On 13 September 2005, the English daily newspaper The Guardian published an alarming investigation into the cosmetics industry which revealed that a Chinese company was taking collagen from persons who had been sentenced to death and executed and from foetuses in order to manufacture beauty products sold in Great Britain and probably in the rest of the Union. The British authorities expressed their concern about this article, which has been regularly syndicated in the press since, and their intention to refer the question to the European Commission. An oral question asked on 27 October 2005 (H-0772/2005) called on the Commission to propose regulations that would provide a framework for cosmetic treatments in order to prevent such abuse. In its reply, the Commission confirmed that it intended to address this question and that the marketing of human collagen was not bereft of all legal framework, because it came under Directive 2004/23/EC on tissues and cells, which prohibited their use for the preparation of cosmetic products.
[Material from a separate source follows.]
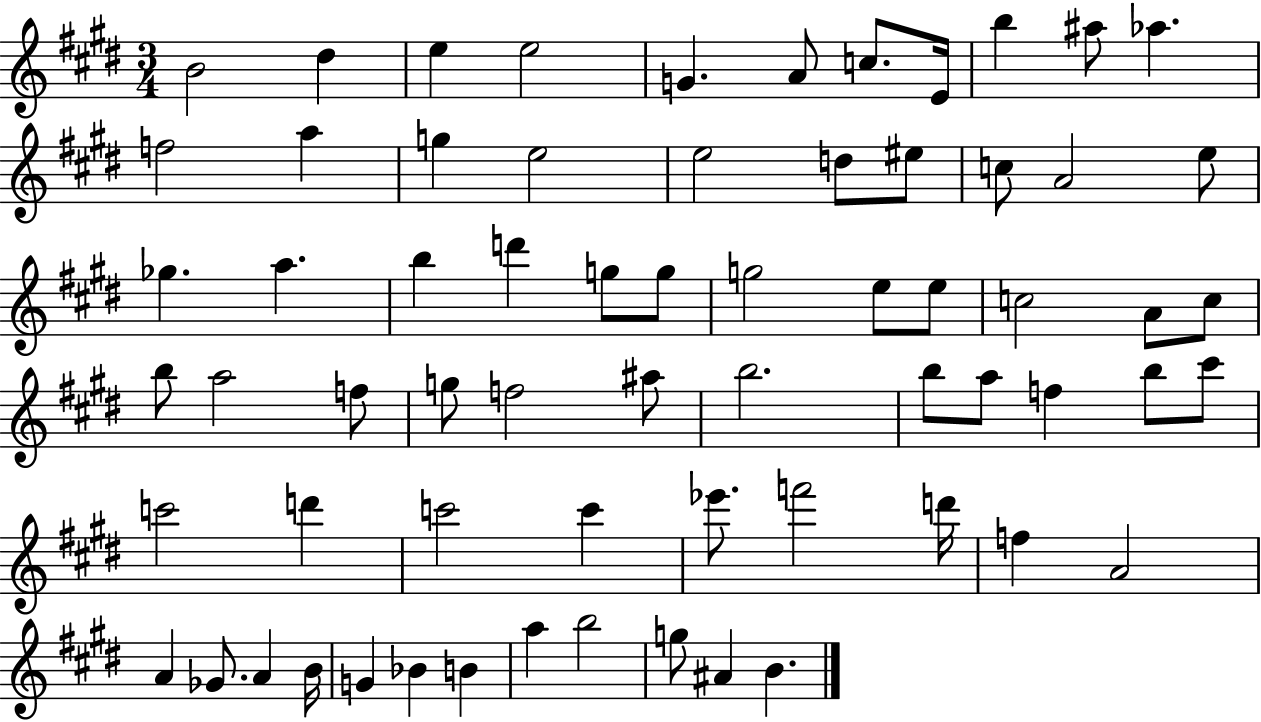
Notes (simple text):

Finally, the Commission emphasised that it was up to the Member States to ensure:
that human tissues and cells from third countries were imported by tissue establishments accredited for that purpose;
that these products complied with quality and security standards equivalent to those laid down in the directive and
that the human tissues or cells obtained satisfied consent or authorisation requirements in force in the Member State concerned.
Has the Commission addressed this question in greater depth since 2005? If so, what conclusions has it drawn?
Does the Commission intend to explicitly prohibit the marketing of human collagen used for the preparation of cosmetic products?
Why, having reiterated the ban in principle on such marketing, did the Commission reiterate the marketing conditions for human tissue and cells (accreditation, security and donor consent) and affirm that it was up to the Member States to assume their responsibilities in the matter?